Scraped caption text data:
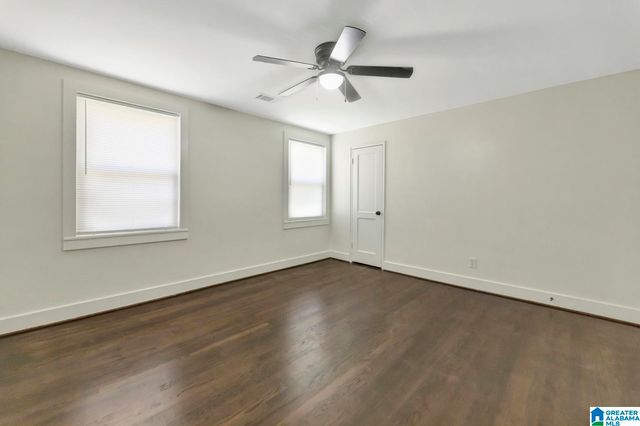 1701 Valley Ave Apt C, Homewood, AL 35209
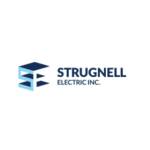 Strugnell Electric Inc Profile Picture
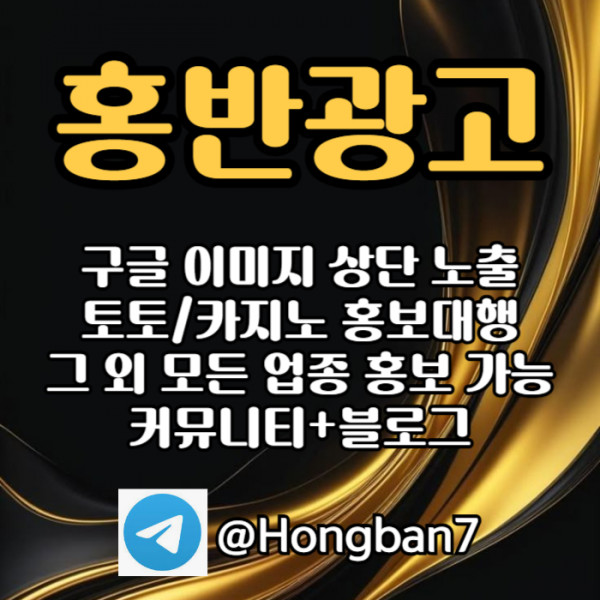 3a16be10e4c2b9597be1a42f057453ed_1759698554_8489.jpg
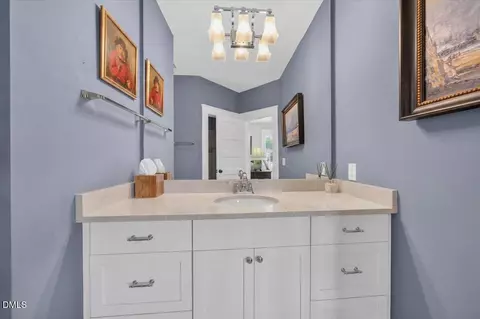 512 E Whitaker Mill Rd, Raleigh, NC 27608 photo 68
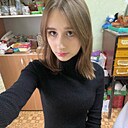 Знакомства: Соня, 18 лет, Владимир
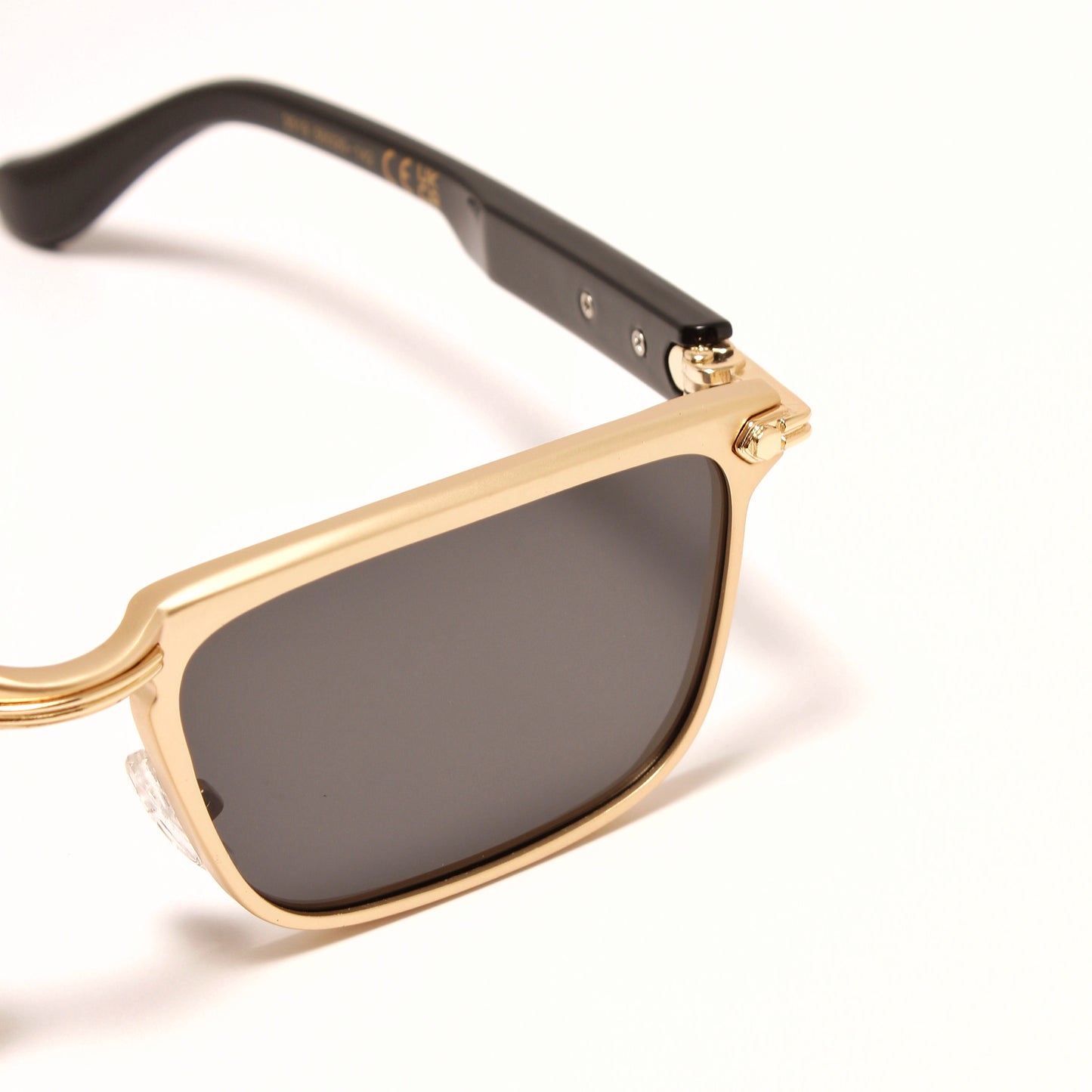 Montélier sunglasses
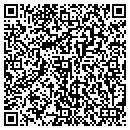 QR code with Rigaud Gilbert MD contacts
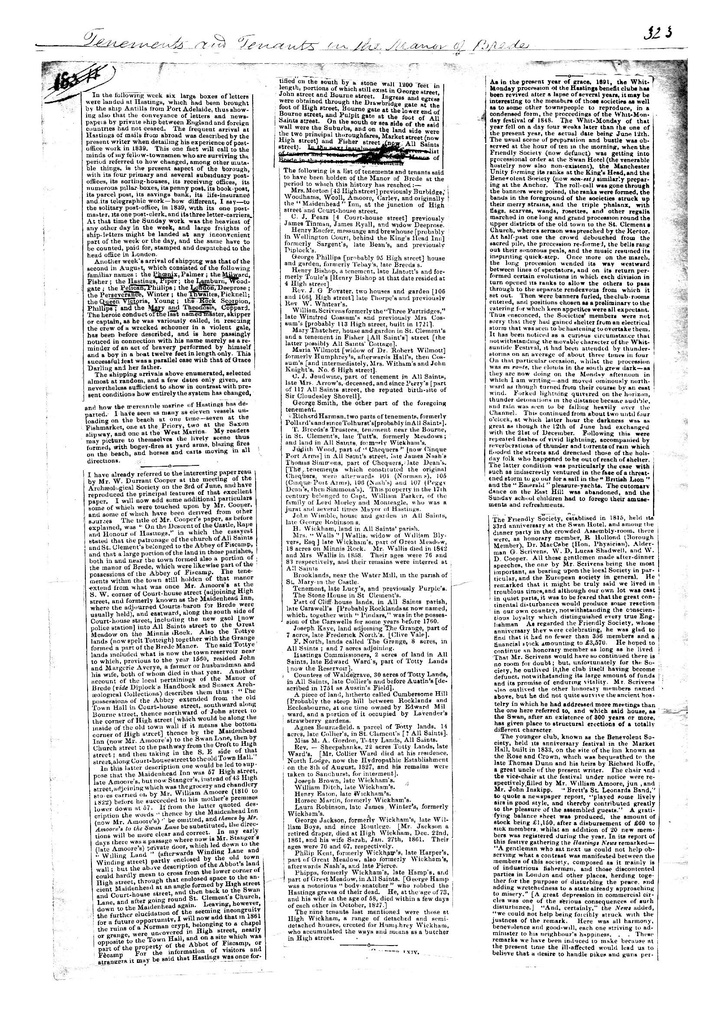 File:Volume 3 1840.pdf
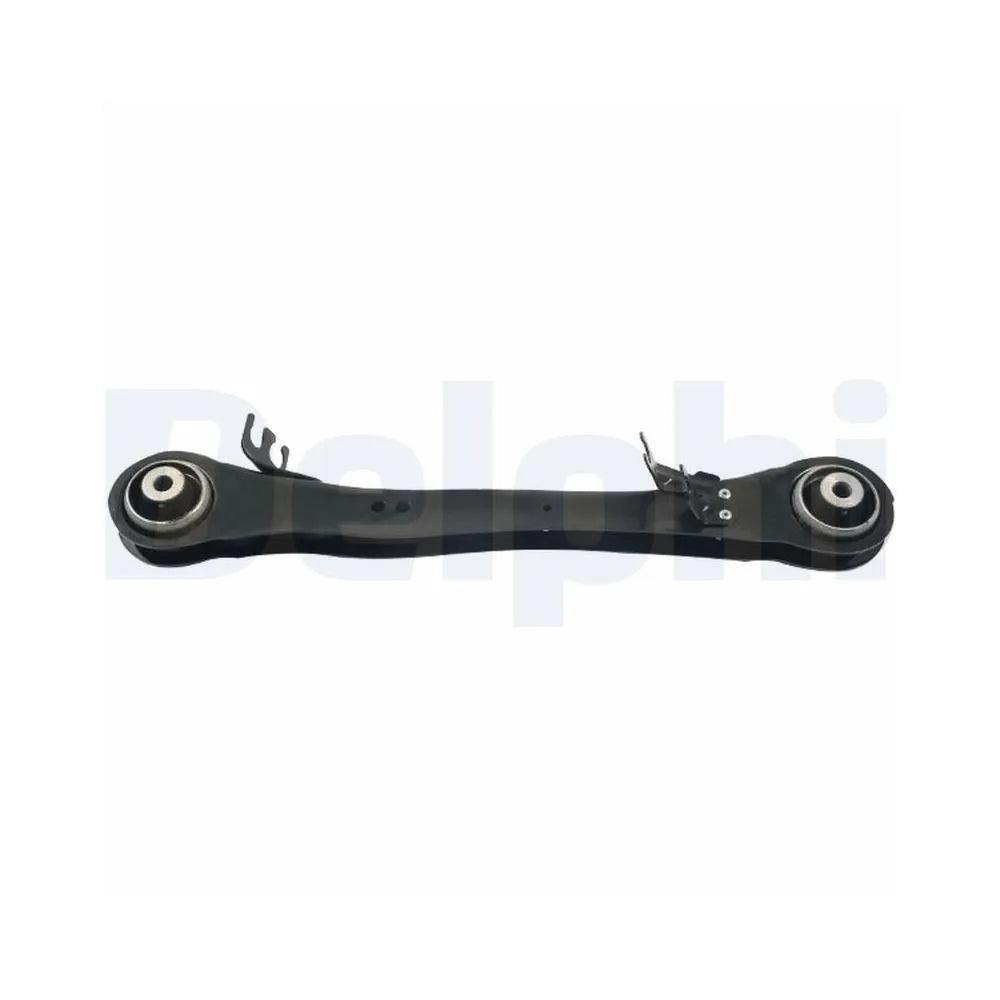 Kit Brate Delphi - TC8847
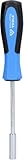 BRILLIANT TOOLS BT031055 Bit-Schraubendreher 100mm [Powered by KS TOOLS]
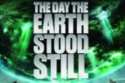 The Day The Earth Stood Still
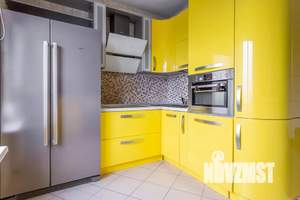 Студия квартира, посуточно, 32м2, 11/14 этаж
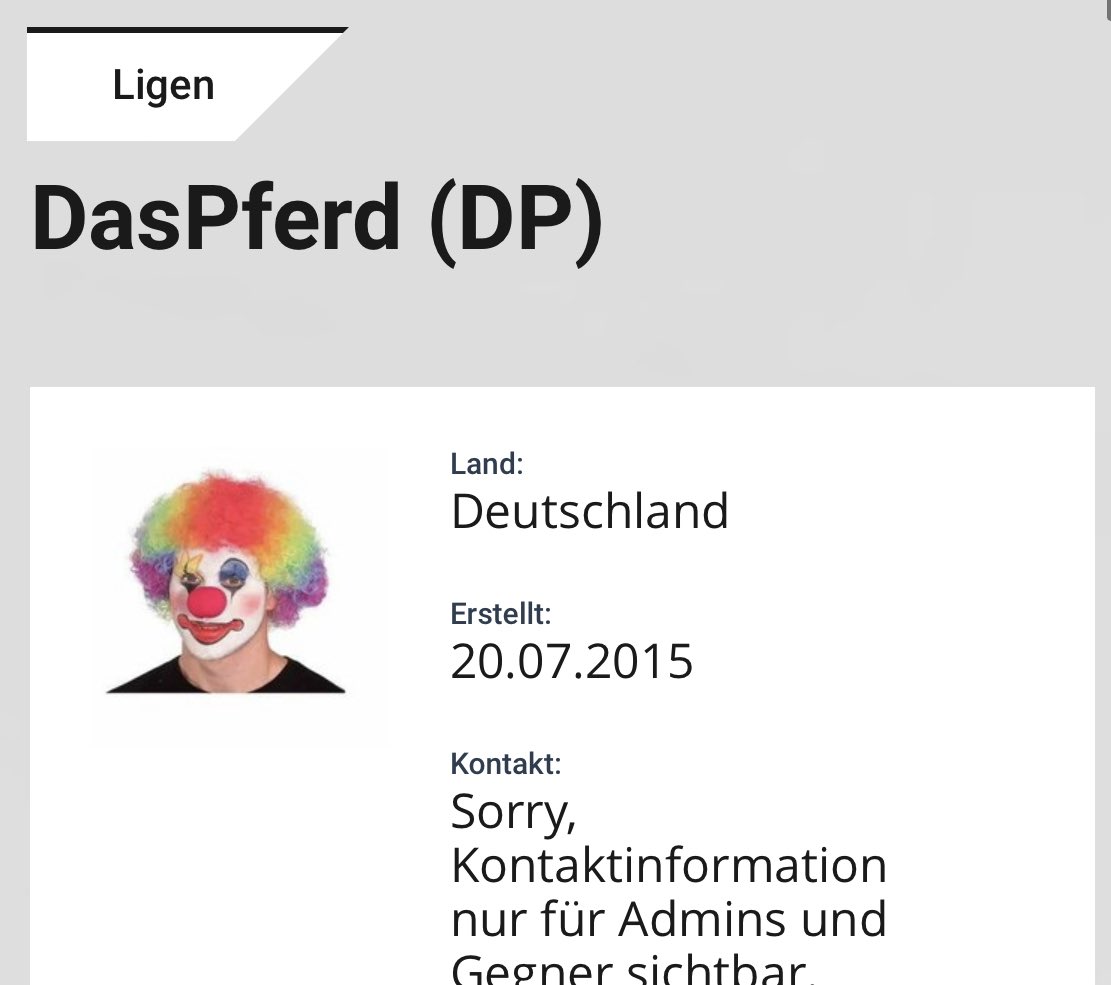 Alex | FrankfurterTyp tweet media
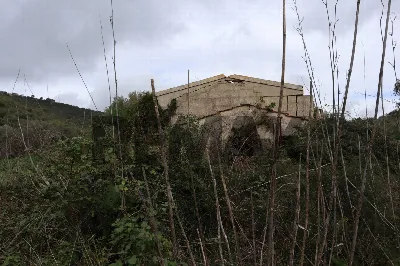 Rustico/Casale in vendita a Ragusa, Ibla, ... - foto 8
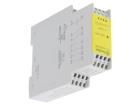 7S.16.8.230.0420  Electromechanical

What to produce: Lines from the one with "Montélier sunglasses" through the final line of the records are the whole answer; print them exactly, minus any pictures.

Task answer:
 Montélier sunglasses
 QR code with Rigaud Gilbert MD contacts
 File:Volume 3 1840.pdf
 Kit Brate Delphi - TC8847
 BRILLIANT TOOLS BT031055 Bit-Schraubendreher 100mm [Powered by KS TOOLS]
 The Day The Earth Stood Still
 Студия квартира, посуточно, 32м2, 11/14 этаж
 Alex | FrankfurterTyp tweet media
 Rustico/Casale in vendita a Ragusa, Ibla, ... - foto 8
 7S.16.8.230.0420  Electromechanical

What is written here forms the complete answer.